• [YOUR GOAL] Skip the pictures. Give all the data again exactly.

• [GIVEN DATA]

□ □ □ □ □

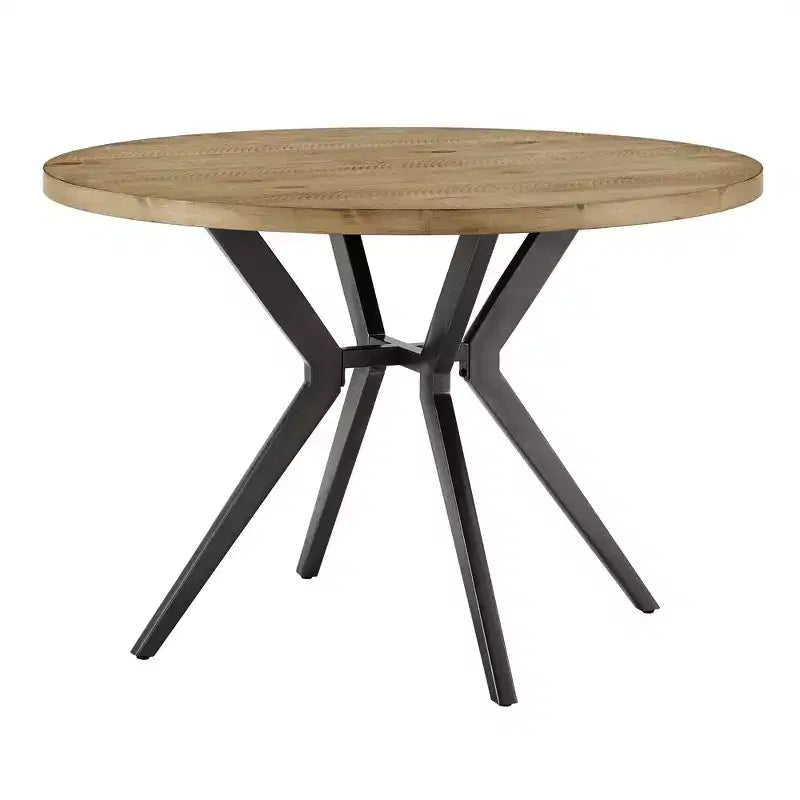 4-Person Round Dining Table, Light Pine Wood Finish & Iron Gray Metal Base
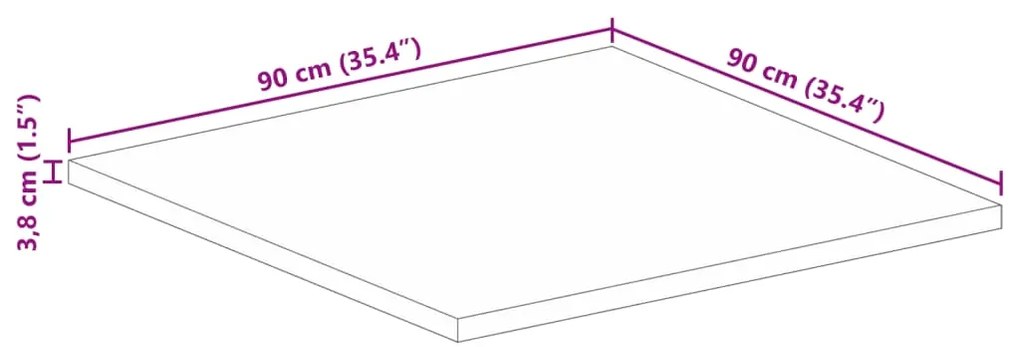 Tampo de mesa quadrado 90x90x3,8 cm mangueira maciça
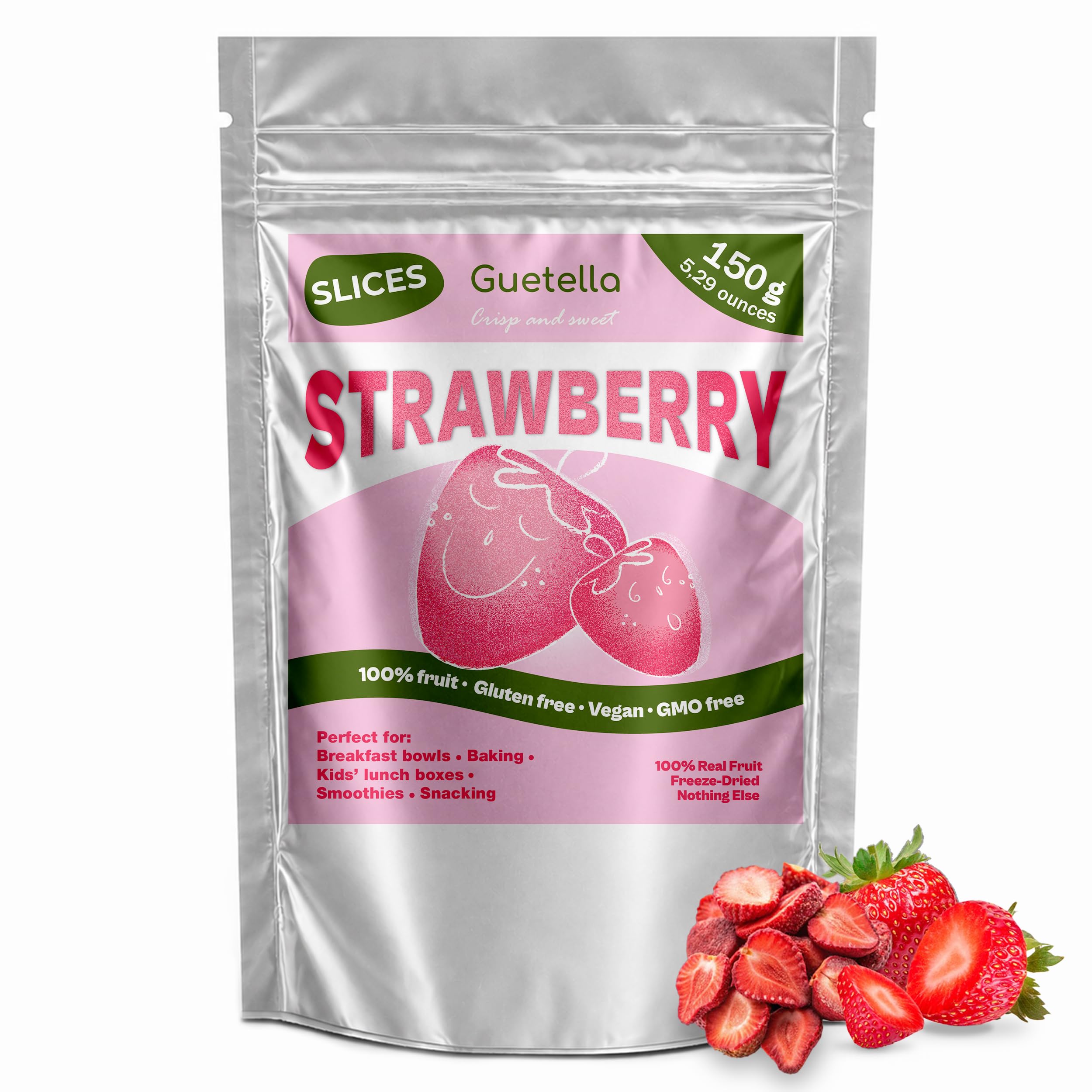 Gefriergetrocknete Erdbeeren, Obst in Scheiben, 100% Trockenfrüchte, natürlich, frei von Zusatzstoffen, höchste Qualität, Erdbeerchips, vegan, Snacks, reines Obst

□ □ □ □ □

• [ANSWER FOR THIS EXERCISE]
 4-Person Round Dining Table, Light Pine Wood Finish & Iron Gray Metal Base
 Tampo de mesa quadrado 90x90x3,8 cm mangueira maciça
 Gefriergetrocknete Erdbeeren, Obst in Scheiben, 100% Trockenfrüchte, natürlich, frei von Zusatzstoffen, höchste Qualität, Erdbeerchips, vegan, Snacks, reines Obst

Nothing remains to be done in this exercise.